I am anticipating Question 13.

Photo of Stuart McDonald Stuart McDonald Shadow SNP Spokesperson (Immigration, Asylum and Border Control)

The Law Commission of England and Wales says that working people on low incomes are being systematically denied the right to a fair trial because of restrictive legal aid rules. When will the Government act in this shocking and shameful situation?

Photo of Lucy Frazer Lucy Frazer The Parliamentary Under-Secretary of State for Justice

The hon. Gentleman will have heard that we are doing a review of legal aid, which will be published early in the new year. I was interested to read the recent Scottish Government report on legal aid, which implements a number of the things that we are already doing, including using technology to help our court processes.

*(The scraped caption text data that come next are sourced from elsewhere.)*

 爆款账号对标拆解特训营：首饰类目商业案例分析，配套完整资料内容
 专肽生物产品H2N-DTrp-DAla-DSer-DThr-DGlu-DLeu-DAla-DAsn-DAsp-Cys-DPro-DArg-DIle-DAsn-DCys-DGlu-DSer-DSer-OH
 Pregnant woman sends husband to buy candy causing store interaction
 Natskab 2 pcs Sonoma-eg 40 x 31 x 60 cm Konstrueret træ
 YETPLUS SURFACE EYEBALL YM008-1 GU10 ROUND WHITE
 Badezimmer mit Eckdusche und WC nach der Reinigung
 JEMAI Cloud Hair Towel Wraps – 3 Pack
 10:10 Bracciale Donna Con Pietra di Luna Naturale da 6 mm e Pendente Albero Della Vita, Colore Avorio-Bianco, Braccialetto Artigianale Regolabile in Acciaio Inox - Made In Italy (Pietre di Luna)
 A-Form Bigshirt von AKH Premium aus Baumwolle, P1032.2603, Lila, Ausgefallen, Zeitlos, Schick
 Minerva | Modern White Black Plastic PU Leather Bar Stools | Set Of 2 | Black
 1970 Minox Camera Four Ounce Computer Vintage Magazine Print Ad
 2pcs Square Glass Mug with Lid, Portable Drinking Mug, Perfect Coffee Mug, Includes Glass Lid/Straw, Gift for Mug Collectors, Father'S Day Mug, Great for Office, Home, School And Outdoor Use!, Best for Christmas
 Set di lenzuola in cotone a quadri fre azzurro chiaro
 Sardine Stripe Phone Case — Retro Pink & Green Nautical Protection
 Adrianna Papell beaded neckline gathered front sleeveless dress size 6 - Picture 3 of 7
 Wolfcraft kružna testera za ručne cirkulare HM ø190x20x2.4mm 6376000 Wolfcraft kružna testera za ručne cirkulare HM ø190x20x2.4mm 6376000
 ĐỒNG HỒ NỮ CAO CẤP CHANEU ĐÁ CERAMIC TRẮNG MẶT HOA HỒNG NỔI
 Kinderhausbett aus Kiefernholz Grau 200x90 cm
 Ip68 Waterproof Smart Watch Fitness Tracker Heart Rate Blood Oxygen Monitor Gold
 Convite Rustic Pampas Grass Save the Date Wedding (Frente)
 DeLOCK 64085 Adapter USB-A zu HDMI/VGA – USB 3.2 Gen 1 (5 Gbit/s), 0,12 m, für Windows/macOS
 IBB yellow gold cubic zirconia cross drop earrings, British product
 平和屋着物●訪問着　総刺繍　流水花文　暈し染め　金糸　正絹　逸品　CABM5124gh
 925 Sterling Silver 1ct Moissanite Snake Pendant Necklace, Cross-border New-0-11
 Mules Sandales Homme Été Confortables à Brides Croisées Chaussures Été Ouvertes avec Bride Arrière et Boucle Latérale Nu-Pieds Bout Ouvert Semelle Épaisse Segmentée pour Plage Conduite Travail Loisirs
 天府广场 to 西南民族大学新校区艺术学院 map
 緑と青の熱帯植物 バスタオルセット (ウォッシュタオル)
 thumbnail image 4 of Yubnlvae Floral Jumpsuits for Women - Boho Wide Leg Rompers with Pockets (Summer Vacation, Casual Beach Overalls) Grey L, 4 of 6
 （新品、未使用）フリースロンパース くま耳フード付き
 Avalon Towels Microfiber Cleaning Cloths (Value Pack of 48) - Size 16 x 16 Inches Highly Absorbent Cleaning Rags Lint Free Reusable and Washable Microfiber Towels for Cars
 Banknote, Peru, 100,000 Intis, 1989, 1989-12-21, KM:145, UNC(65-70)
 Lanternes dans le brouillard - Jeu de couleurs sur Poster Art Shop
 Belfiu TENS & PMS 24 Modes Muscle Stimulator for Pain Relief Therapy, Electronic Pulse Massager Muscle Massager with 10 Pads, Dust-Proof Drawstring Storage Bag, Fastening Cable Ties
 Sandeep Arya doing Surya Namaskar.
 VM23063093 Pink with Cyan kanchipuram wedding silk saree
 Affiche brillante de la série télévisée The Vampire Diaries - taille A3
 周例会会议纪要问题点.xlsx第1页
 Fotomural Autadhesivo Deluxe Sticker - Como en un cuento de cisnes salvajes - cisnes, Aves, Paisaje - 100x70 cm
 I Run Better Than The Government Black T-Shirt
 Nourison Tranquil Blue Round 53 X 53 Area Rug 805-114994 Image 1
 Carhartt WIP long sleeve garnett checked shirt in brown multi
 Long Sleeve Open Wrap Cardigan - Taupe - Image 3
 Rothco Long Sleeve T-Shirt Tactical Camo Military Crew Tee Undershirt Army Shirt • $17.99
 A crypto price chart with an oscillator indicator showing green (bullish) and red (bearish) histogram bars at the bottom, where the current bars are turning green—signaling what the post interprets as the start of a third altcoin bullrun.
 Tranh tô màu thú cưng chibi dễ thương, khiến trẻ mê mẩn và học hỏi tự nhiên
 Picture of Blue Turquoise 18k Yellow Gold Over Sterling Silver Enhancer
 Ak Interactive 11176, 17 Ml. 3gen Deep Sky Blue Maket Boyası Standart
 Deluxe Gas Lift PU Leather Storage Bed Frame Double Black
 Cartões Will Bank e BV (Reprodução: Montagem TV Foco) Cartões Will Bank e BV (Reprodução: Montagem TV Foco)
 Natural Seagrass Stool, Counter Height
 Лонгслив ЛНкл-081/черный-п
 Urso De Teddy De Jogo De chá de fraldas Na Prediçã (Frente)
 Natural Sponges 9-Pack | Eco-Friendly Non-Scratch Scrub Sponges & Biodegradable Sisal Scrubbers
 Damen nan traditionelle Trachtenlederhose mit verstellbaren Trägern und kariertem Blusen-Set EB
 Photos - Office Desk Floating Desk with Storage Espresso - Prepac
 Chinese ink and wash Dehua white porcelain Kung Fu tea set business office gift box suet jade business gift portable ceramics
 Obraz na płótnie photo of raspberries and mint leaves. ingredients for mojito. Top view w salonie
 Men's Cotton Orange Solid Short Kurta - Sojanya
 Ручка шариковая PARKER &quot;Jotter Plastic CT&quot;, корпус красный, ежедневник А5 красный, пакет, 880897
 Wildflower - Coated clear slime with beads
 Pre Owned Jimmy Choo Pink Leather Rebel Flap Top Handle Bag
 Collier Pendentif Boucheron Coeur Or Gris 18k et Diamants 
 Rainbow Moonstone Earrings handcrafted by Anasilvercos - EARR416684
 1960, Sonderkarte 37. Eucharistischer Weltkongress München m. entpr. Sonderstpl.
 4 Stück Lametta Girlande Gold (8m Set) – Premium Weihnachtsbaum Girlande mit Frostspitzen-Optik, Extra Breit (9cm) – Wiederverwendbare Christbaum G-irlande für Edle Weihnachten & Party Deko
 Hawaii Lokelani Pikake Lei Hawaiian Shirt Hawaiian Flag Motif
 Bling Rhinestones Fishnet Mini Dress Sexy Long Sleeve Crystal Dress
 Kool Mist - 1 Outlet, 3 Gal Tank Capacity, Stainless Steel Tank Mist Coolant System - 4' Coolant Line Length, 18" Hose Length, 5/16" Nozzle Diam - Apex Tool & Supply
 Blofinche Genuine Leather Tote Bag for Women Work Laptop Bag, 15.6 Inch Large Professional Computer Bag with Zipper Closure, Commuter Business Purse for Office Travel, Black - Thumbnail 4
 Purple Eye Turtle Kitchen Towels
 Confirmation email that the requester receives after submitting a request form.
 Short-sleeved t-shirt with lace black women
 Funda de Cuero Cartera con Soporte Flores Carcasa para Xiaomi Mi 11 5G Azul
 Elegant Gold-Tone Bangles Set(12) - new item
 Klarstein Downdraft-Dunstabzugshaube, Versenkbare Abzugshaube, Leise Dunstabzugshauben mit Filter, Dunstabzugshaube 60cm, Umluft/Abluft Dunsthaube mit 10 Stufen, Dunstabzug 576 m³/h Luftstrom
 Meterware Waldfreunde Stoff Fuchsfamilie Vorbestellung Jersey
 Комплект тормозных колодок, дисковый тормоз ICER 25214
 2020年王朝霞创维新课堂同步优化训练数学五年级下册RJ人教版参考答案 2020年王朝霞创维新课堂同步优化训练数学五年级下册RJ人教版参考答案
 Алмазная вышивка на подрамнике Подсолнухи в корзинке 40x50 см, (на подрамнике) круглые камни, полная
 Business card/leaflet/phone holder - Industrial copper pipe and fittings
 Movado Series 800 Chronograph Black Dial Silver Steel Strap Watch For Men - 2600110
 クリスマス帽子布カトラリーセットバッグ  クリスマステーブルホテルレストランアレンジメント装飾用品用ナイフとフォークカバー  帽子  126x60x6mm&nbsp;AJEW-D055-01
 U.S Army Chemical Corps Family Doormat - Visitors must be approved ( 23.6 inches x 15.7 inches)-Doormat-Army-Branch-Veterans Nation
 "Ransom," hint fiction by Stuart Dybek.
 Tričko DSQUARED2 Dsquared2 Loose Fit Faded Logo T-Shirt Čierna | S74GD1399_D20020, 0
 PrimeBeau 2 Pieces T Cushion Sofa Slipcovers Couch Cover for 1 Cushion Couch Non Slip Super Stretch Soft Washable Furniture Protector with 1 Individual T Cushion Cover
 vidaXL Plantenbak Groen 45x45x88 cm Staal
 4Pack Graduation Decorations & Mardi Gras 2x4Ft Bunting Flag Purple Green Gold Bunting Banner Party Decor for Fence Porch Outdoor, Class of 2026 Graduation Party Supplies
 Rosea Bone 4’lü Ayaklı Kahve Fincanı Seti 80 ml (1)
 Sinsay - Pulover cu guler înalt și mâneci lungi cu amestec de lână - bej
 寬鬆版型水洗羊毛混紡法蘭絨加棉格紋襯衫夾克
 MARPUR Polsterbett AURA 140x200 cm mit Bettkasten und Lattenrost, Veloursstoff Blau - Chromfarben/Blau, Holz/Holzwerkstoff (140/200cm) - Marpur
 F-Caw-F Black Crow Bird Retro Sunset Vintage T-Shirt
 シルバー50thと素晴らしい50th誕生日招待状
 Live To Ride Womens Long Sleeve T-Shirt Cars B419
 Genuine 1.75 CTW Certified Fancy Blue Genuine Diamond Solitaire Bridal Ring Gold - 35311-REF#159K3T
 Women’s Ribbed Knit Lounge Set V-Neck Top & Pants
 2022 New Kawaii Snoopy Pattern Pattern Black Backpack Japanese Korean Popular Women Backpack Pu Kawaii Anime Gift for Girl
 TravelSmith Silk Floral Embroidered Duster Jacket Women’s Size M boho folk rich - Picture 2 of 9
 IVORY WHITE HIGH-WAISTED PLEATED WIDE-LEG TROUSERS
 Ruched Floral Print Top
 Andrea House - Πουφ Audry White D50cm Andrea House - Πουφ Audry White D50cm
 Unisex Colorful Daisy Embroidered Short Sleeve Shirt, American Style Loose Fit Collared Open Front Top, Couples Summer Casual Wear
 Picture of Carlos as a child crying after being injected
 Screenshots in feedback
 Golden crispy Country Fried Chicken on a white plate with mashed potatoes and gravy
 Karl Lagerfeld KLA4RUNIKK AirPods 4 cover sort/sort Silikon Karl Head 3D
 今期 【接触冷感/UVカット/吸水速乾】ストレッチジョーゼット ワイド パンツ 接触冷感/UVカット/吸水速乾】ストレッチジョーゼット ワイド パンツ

Photo of Richard Burgon Richard Burgon Shadow Lord Chancellor and Shadow Secretary of State for Justice

The current Prime Minister unleashed the Home Office’s hostile environment against migrants, and the Windrush scandal shows just how easily people can fall foul of this Government’s complex and cruel immigration rules. It is even tougher for those who have to navigate this hostile environment without legal advice, yet access to legal aid-funded immigration advice has fallen by 68% under the Tories, from 120,000 cases in 2010 to 39,000 cases this year. So do the Government regret scrapping such publicly funded legal advice that can save people from unfair decisions and deportations, and if so, will they reinstate it?

Photo of Lucy Frazer Lucy Frazer The Parliamentary Under-Secretary of State for Justice

The hon. Gentleman has not made that offer. The Opposition have made an offer in relation to welfare, but not, I note, in relation to immigration. Let me remind him that people can already get legal advice for asylum and non-asylum cases, and for cases involving detention, the Special Immigration Appeals Commission, domestic violence and trafficking. I want to make it clear to the House and to everyone who is listening that people are often not claiming legal aid because they do not believe they are entitled to it, because the Opposition and some others suggest that it is not available.